1998 Latest Caselaw 766 Del

Citation : 1998 Latest Caselaw 766 Del
Judgement Date : 8 September, 1998

Delhi High Court
Chagan Lal Tiwari vs Ganga Apartments (P) Ltd. And ... on 8 September, 1998
Equivalent citations: 1998 VIAD Delhi 739, 75 (1998) DLT 605, 1998 (47) DRJ 203
Author: . M Sharma
Bench: . M Sharma

ORDER

Dr. M.K. Sharma, J.

1. The present suit was instituted by the plaintiff praying for a decree of declaration declaring as null and void any and all documents including any agreement, general power of attorney executed by defendants 3 to 6 in favour of any third parson including defendant No.1 in respect of plots No.1/50 and 2/71, Lalita Park, Vikas Marg, Delhi. The plaintiff has also sought for a decree of permanent injunction restraining the defendants No.3 to 6 from executing and getting registered any document evidencing transfer of their respective shares in the aforesaid plots and also restraining the defendant No.1, its servants, agents from in any manner selling, transferring, alienating, encumbering and parting with possession and/or disposing of the said suit property. The plaintiff has also sought for a decree directing defendant No.1 to render accounts pertaining to the aforesaid plots disclosing therein the amount paid to defendants No.3 to 6 and also money received against the said property.

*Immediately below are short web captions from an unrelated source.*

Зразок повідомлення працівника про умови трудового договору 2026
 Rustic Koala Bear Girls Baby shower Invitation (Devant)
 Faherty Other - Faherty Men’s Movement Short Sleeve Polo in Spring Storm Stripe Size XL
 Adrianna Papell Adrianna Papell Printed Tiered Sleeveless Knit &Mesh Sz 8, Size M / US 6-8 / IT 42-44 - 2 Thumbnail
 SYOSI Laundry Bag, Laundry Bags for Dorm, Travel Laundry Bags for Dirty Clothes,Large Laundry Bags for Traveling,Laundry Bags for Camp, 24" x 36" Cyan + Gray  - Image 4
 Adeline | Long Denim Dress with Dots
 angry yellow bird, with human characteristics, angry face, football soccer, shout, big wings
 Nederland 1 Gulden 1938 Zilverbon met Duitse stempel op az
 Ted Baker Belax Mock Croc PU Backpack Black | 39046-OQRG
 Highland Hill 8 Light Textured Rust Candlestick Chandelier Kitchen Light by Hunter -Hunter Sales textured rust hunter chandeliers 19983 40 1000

2. It is pleaded in the plaint that defendants No.3 & 4 were the joint owners with 1/2 share belonging to each in respect of the land covered by plot No.50 of the suit property. Similarly the defendants No.5 & 6 are also stated to be joint owners to the extent of 1/2 share belonging to each in respect of the land covered by plot No.71 located at the rear of the land covered by plot No.1/50. It is further pleaded that by separate agreements to sell dated 28.11.1990 defendants No.3,4, 5 & 6 agreed to sell the suit land to the plaintiff and defendants 2 & 3. It is further pleaded that in pursuance of and in furtherance to the aforesaid agreements to sell the plaintiff alongwith defendant No.2 entered into a collaboration agreement dated 3.12.1990 with the defendant No.1 whereby the defendant No.1 undertook to and was granted license to raise and/or construct a multi-storeyed building with a total covered area of approximately 1600 Sq. Ft. of the said plots. The plaintiff has set out and reproduced some of the relevant clauses of the said collaboration agreement in paragraph 5 of the plaint. In pursuance thereof physical possession of the suit property was also handed over to defendant No.1 for implementing the said collaboration agreement and for raising construction thereon. Subsequent thereto defendant No.1 started raising construction of the multi-storeyed building on the said plots which is yet to be completed. It is stated that since defendants 3 to 6 have already sold their respective shares in the said plots neither of the defendants 3 to 6 are entitled to sell their respective portions in the said plots or any part thereof to defendant No.1 or to anyone else, nor the defendant No.1 is entitled to sell, transfer or dispose of any portion or portions comprised within the said property contrary to the terms of the said collaboration agreement and without the express consent of the plaintiff. Since such actions are allegedly being taken the present suit has been instituted by the plaintiff against the defendants. The defendants No.1 & 2, on service of summons and notices appeared in the suit.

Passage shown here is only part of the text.